Start of EXERCISE MATERIAL

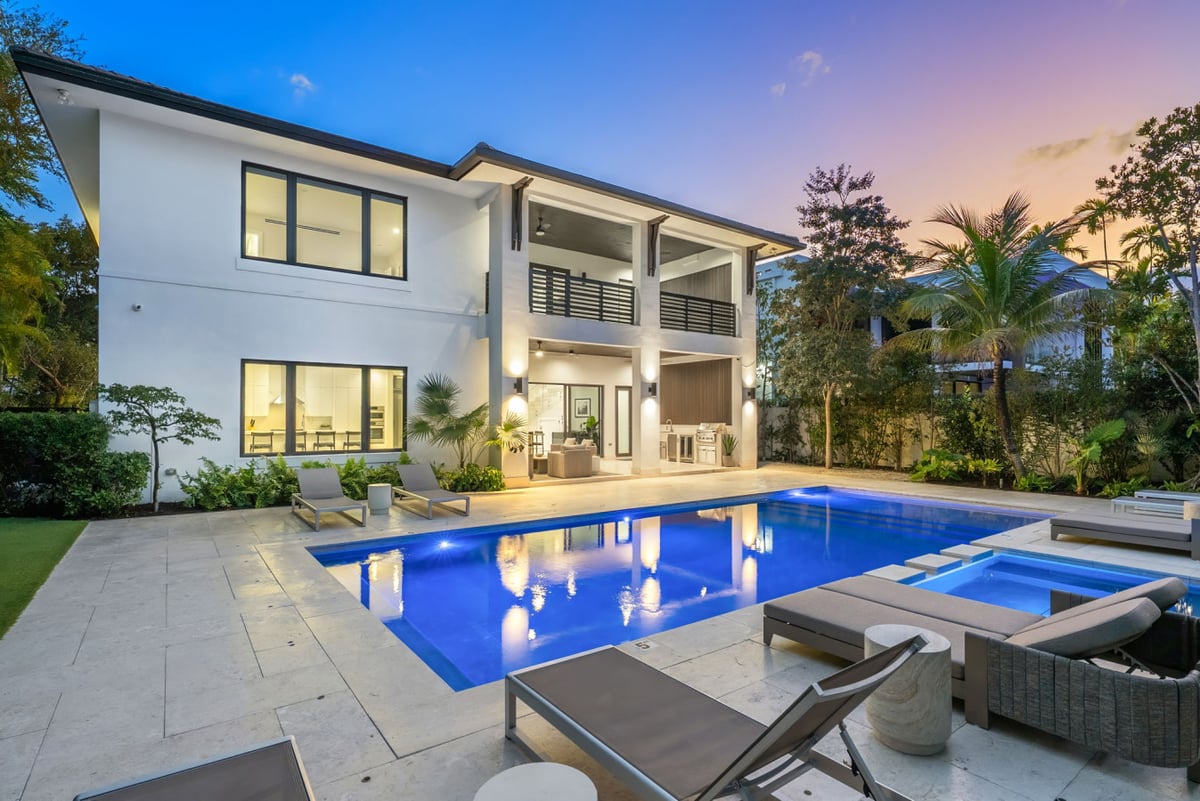 Villa Celine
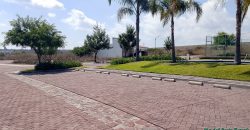 Vendo Terreno Ciudad Maderas Sur I Corregidora Queretaro.Qro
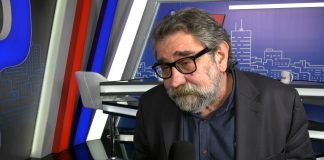 Zoran Sekulić o 30 godina rada novinske agencije FoNet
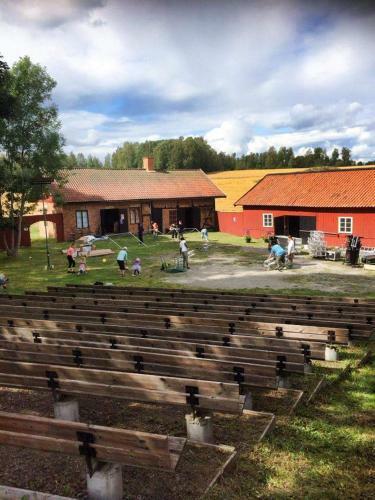 Albergue Stora Djul� Vandrarhem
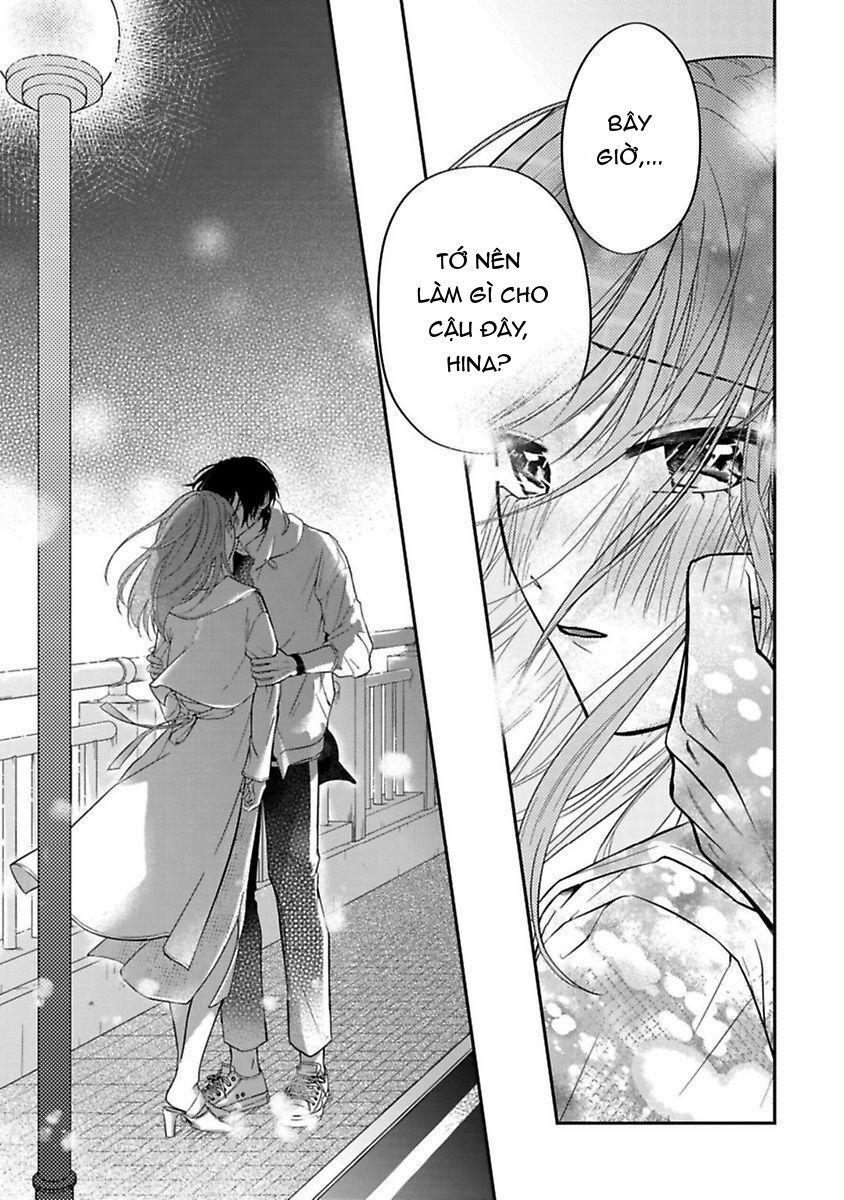 Anh Bạn Tốt Bụng 4.2 trang 9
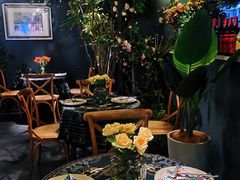 -第101座花园餐厅(湖滨88店)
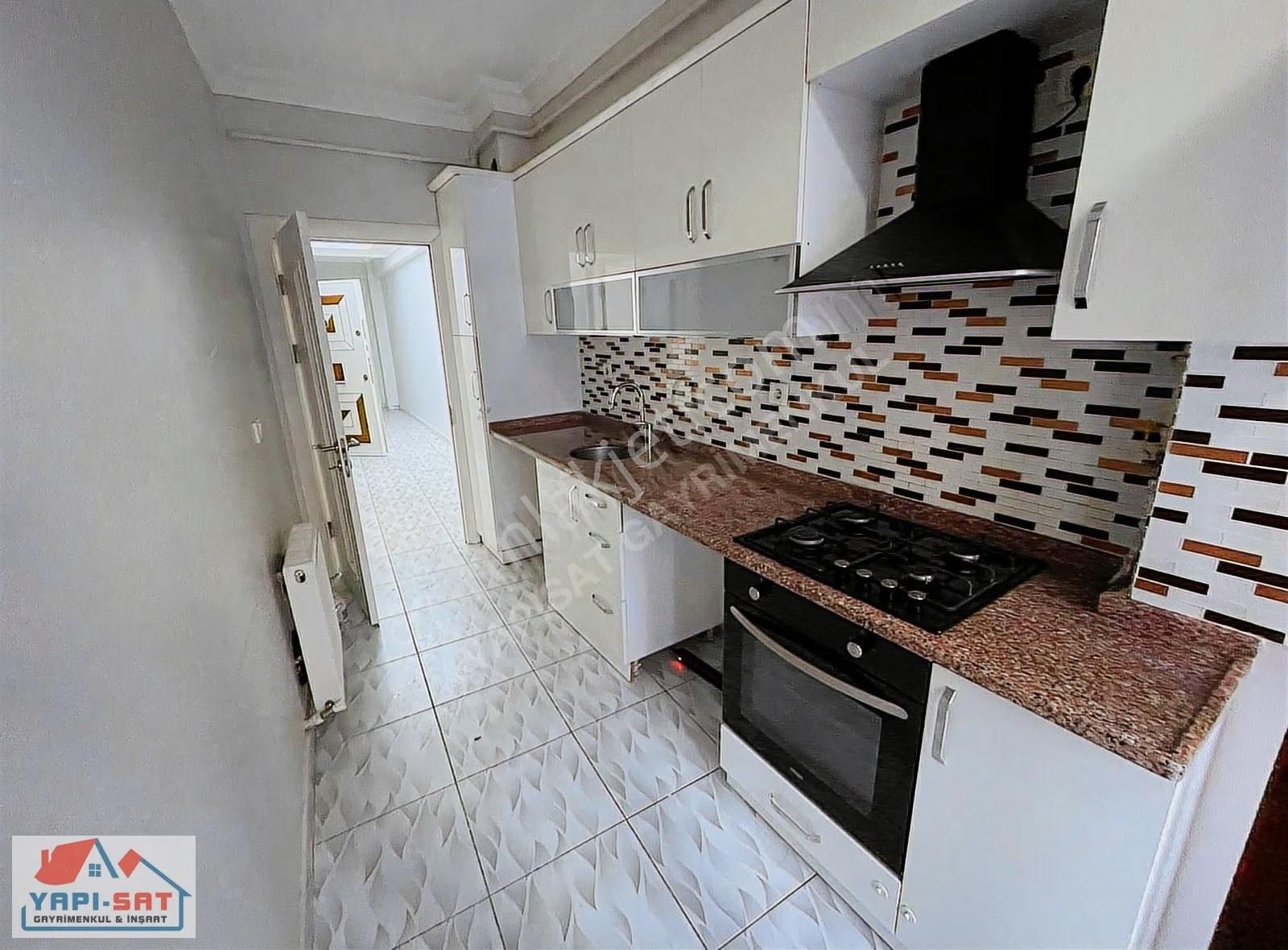 Esenler Metro Yakın 1.kat 2+1 105 M² Kiralık Daire █yapısat█ - Görsel 21
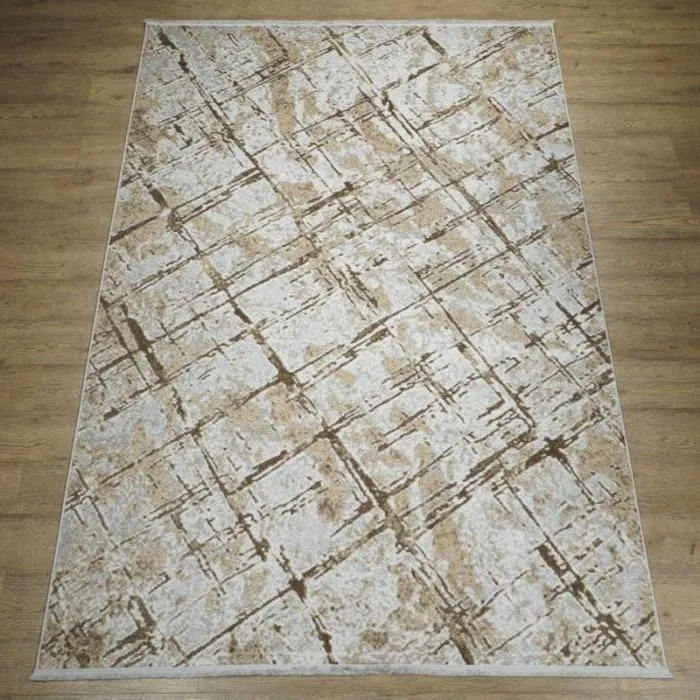 Ковер Loft A489A C_CREAM / CREAM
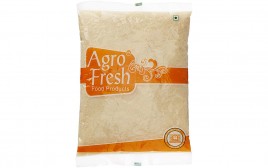Agro Fresh Premium Sooji Rawa   Pack  500 grams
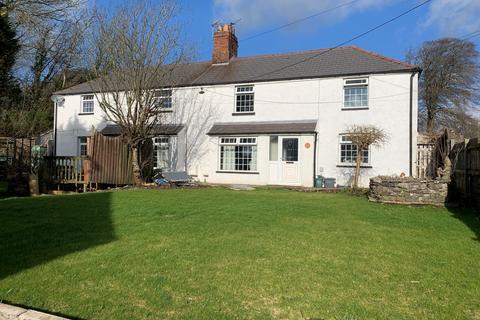 6 bedroom cottage for sale - 1 & 2 The Lane, The Downs, St. Nicholas, Cardiff, CF5 6SD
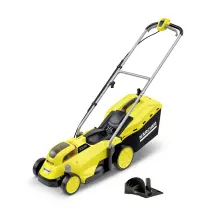 Акумуляторна газонокосарка LMO 18-33 Battery Karcher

End of EXERCISE MATERIAL

■ WHAT THE EXERCISE ASKS
None of the pictures belong in the result. Print exactly the lines from the one containing "Agro Fresh Premium" through the final line of the entries.

■ RESPONSE TO THE TASK
Agro Fresh Premium Sooji Rawa   Pack  500 grams
 6 bedroom cottage for sale - 1 & 2 The Lane, The Downs, St. Nicholas, Cardiff, CF5 6SD
 Акумуляторна газонокосарка LMO 18-33 Battery Karcher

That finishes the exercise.